Antenatal infection in the rabbit impairs postnatal growth and lung alveolarization

¹ Dépt de Périnatologie, Hôpital Mère Enfant, CHU de Nantes, Nantes, France; and UPRES EA 3826, Université de Nantes, Nantes Atlantique Universités, Thérapeutiques Cliniques et Expérimentales des Infections, EA3826, UFR Médecine, Nantes, France
² Dépt de Périnatologie, Hôpital Mère Enfant, CHU de Nantes, Nantes, France
³ INSERM U841, Institut Mondor de Recherche Biomédicale, Equipe 6, Créteil, France; and premUP, Paris, France
⁴ INSERM U539, Faculté de Médecine de Nantes, Nantes, France
⁵ INSERM U841, Institut Mondor de Recherche Biomédicale, Equipe 6, Créteil, France; Université Paris 12, Faculté de Médecine, IFR10, Créteil, France; and premUP, Paris, France
⁶ premUP, Paris, France; and INSERM U767, Faculté de Pharmacie, Paris, France

	Abstract

Clinical and experimental studies indicate an association between chorioamnionitis and bronchopulmonary dysplasia in preterm infants. We hypothesized that in the rabbit, antenatal infection may impair lung development after birth despite effective maternal antibiotic therapy.

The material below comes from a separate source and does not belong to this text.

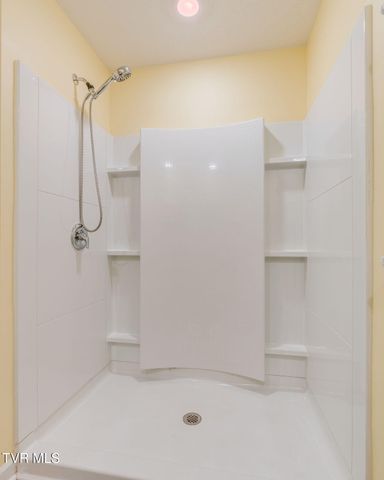 1245 Stamp Lodge Road, Kingsport, TN 37660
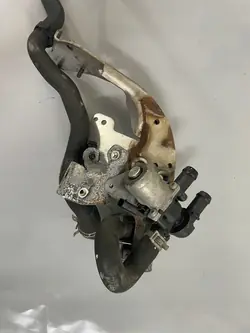 VOLVO S90 V90 II Pompe à eau 31686005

Pregnant rabbits received an intrauterine inoculation of 10³ Escherichia coli CFU or vehicle at the end of gestation (day 29). Intravenous ceftriaxone therapy was initiated 8 h after inoculation for a period of 8 days. Pups born between 60 and 84 h after inoculation were kept with their mother until sacrifice on days 0, 1, 5, 8 and 15.

Blood cultures from antenatally infected animals were sterile at birth. Postnatal growth was significantly impaired by day 8. Lung morphometry showed a significant decrease of alveolar surface density and interstitial density, with a significant increase of alveolar airspace volume, indicating impaired alveolarization for the first two weeks of postnatal life. Inflammatory and apoptotic processes were not detected in the lung at birth or subsequently.

Intrauterine infection in rabbits is therefore responsible for concomitant postnatal growth retardation and abnormal pulmonary development despite early and effective antenatal antibiotic therapy. This may constitute an alternative model to study the consequences of antenatal infection on postnatal growth and lung development.